At any rate, here is the affine (python) implementation. (I posted invmod
earlier):
Pointadd =: 1 : 0 NB. n is curve p a b
:
p =. {. m NB.'p a b' =. n
if. y -: p,0 do. x return. end.
if. x -: p,0 do. y return. end.
if. x -: y do. m Pointdouble y return. end.
'xx xy' =. x
'yx yy' =. y
if. (xx = yy) *. 0=p|xy+yy do. p,0 return. end.
l =. p | (p invmod yx - xx ) * yy - xy
(p| (l*xx -x3 ) - xy ) ,~ x3=. p | yx -~ xx -~ l * l
)
Pointdouble =: 4 : 0
'p a'=. 2{. x
if. y -: p,0 do. y return. end.
'xx xy' =. y
l =. p | (p invmod xy * 2 ) * a + 3 * *: xx
(p| (l*xx -x3 ) - xy ) ,~ x3=. p | (+: xx) -~ l * l
)
Pointmul =: 1 : 0 NB. sum of binary mask of repeated squares
:
m Pointadd/^:(1<#) |. bin # |. m Pointdouble^:(i. # bin =. 2 #. inv x) y
)
It passes the python tests, but it worries me that addition is not commutative.

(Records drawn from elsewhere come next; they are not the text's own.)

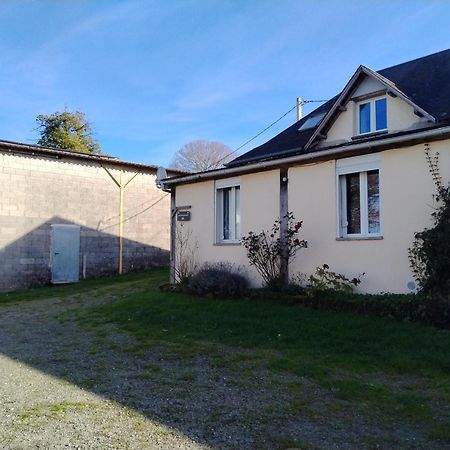 Lubersac Accommodation A La Ferme מראה חיצוני תמונה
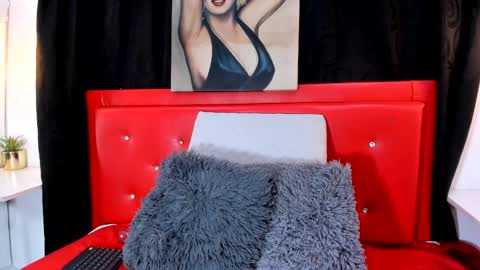 Snapshot of malayha_gray chatting on 01.29.25 MALAYHA online show from 01.29.25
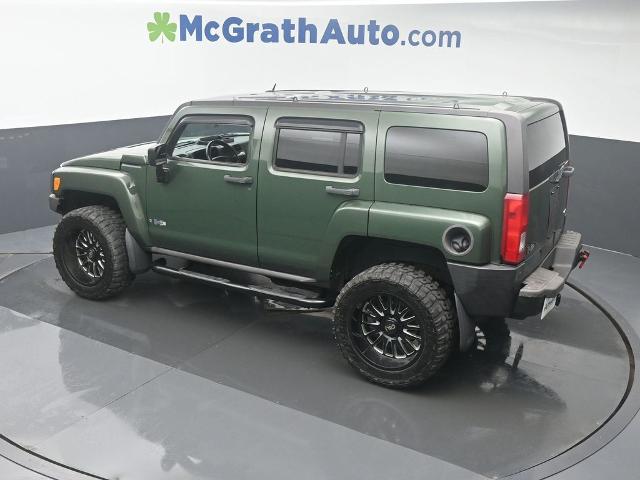 2006 HUMMER H3 Vehicle Photo in Cedar Rapids, IA 52402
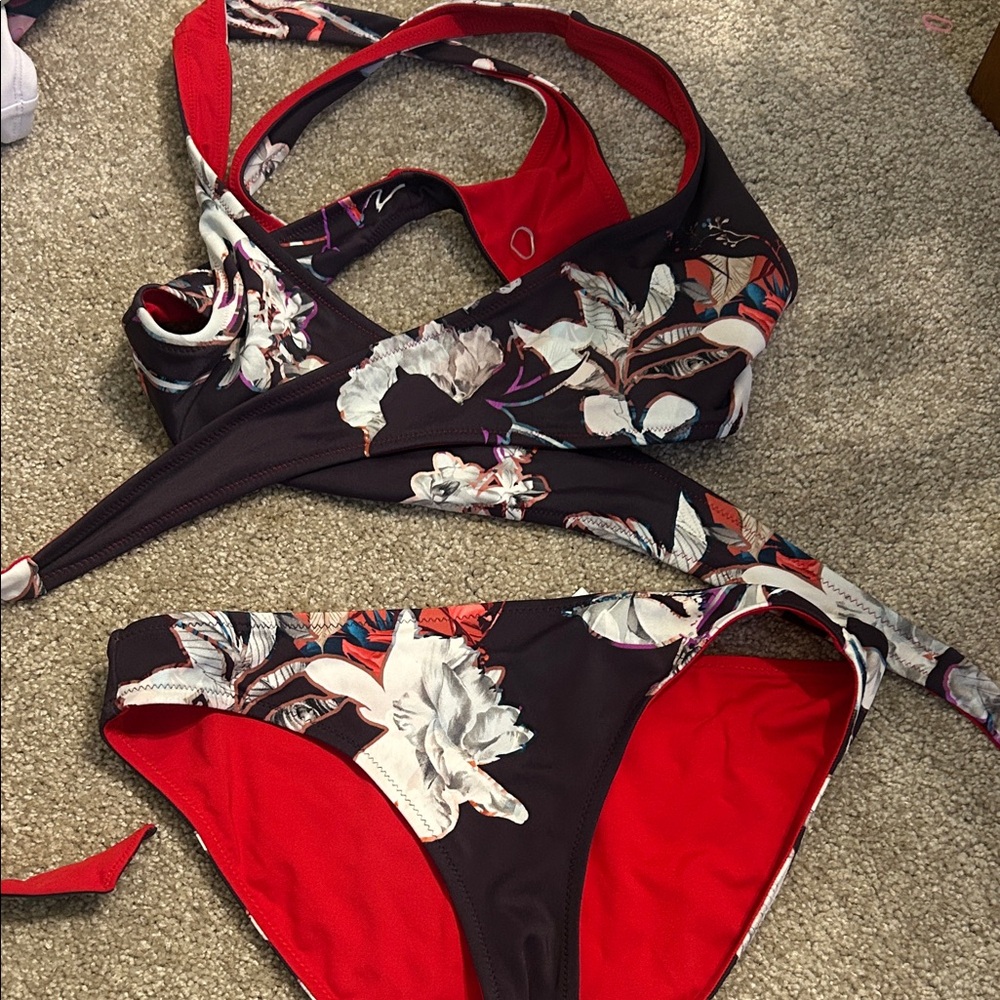 Floral Red Women's Swimwear Set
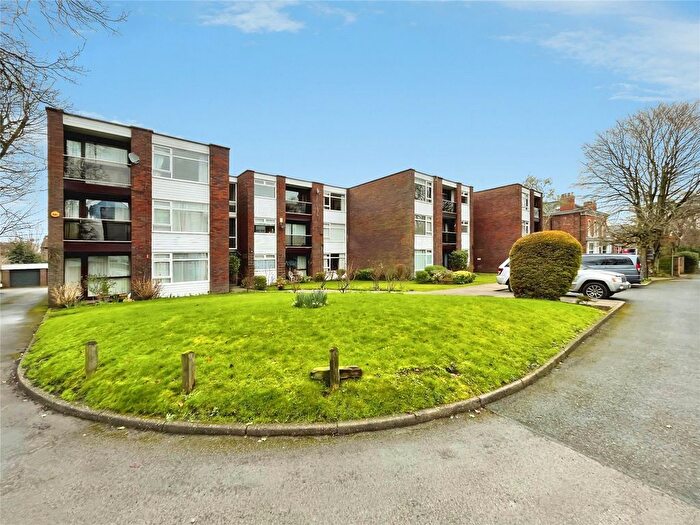 2 Bedroom Flat For Sale In Queens Road, Wilmslow, Cheshire, SK9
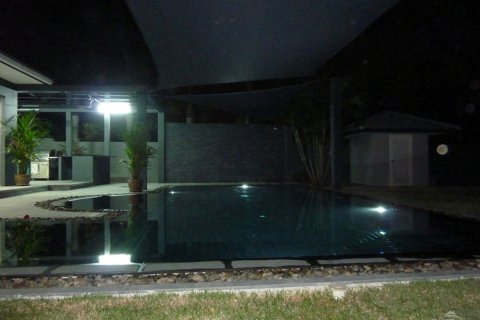 Haus in Pattaya, Thailand 4 Schlafzimmer № 19839 - Foto 4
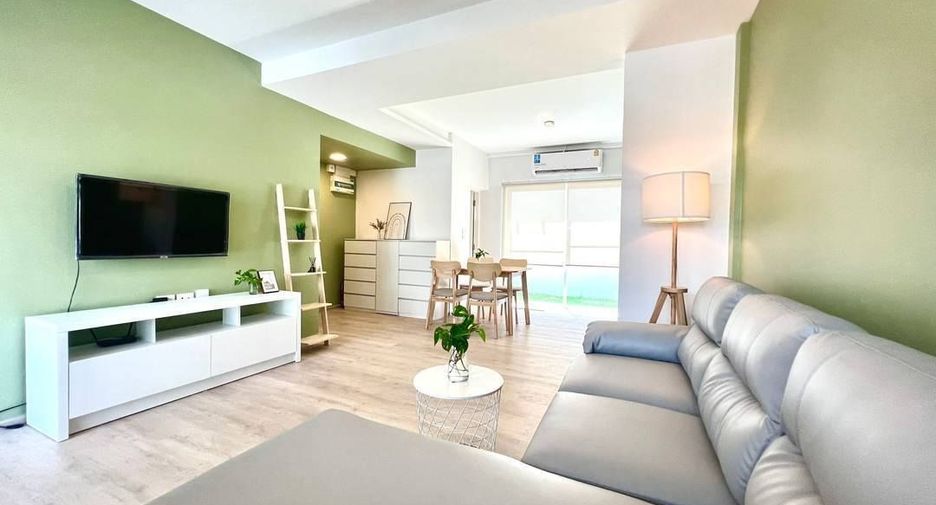 For rent 2 bedrooms townhouse in Prawet, Bangkok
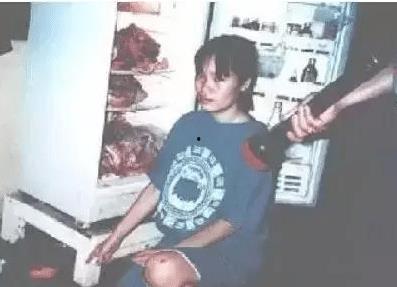 男朋友出轨吃瓜,男友出轨背后的真相，吃瓜群众热议不已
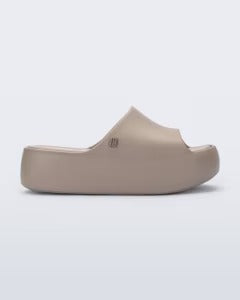 Melissa Free Platform Slide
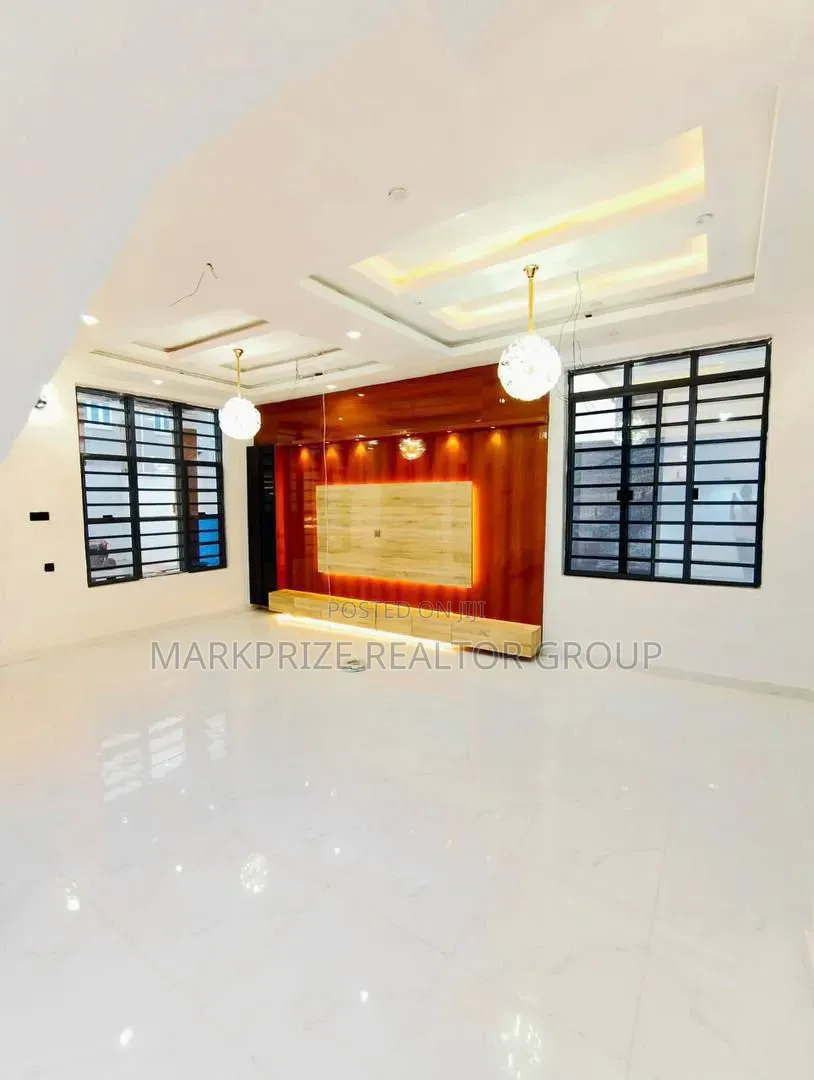 Furnished 4bdrm Duplex in College Road Fagba for sale in College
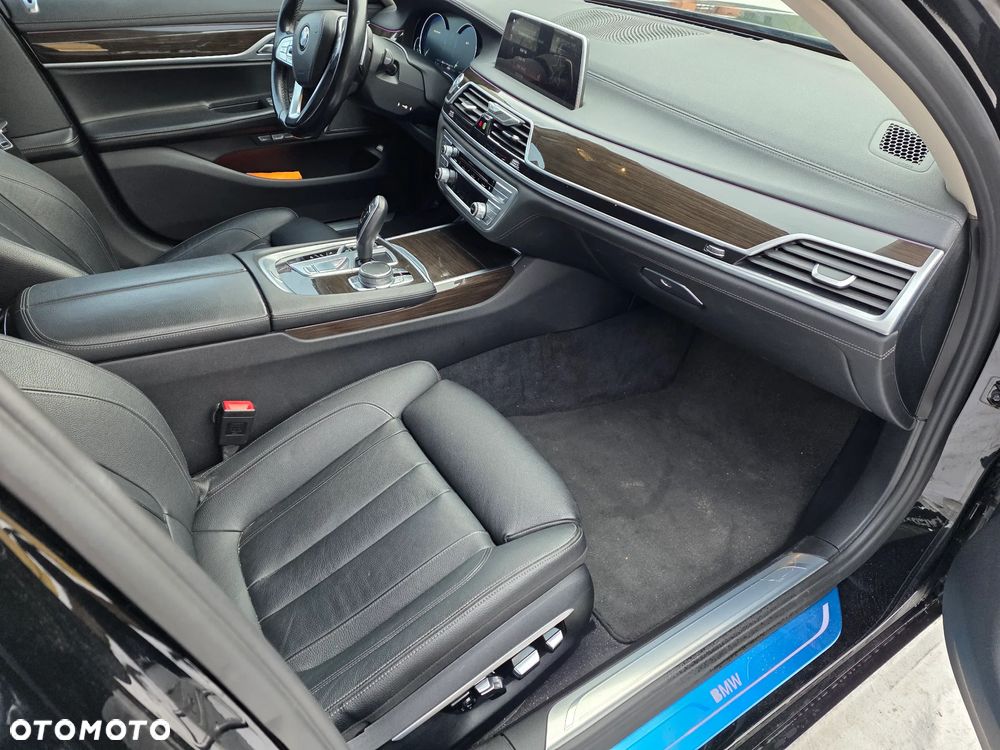 BMW Seria 7 740Li - 10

I also don't know how to code the point at infinity (I put 0,p but that is
never reached).
3 10 (23 Pointadd) 9 7
17 20
(23 1 Pointadd) each /\ 18 # <3 10
┌────┬────┬────┬────┬────┬────┬────┬─────┬───┬─────┬───┬─────┬────┬─────┬────┬─────┬────┬────┐
│3 10│7 12│19 5│17 3│9 16│12 4│11 3│13 16│0 1│20 13│6 3│22 19│16 2│12 15│12
8│16 21│22 4│6 20│
└────┴────┴────┴────┴────┴────┴────┴─────┴───┴─────┴───┴─────┴────┴─────┴────┴─────┴────┴────┘
,. (2+ i.16) (23 1 Pointmul)"0 1 ] 3 10
7 12
19 5
17 3
9 16
12 4
11 3
13 16
0 1
6 4
18 20
16 20
5 15
13 21
2 21
5 19
18 3
These lists diverge after the item 0 1 is reached, which is the origin and a
good candidate for infinity? I don't seem to understand what order is.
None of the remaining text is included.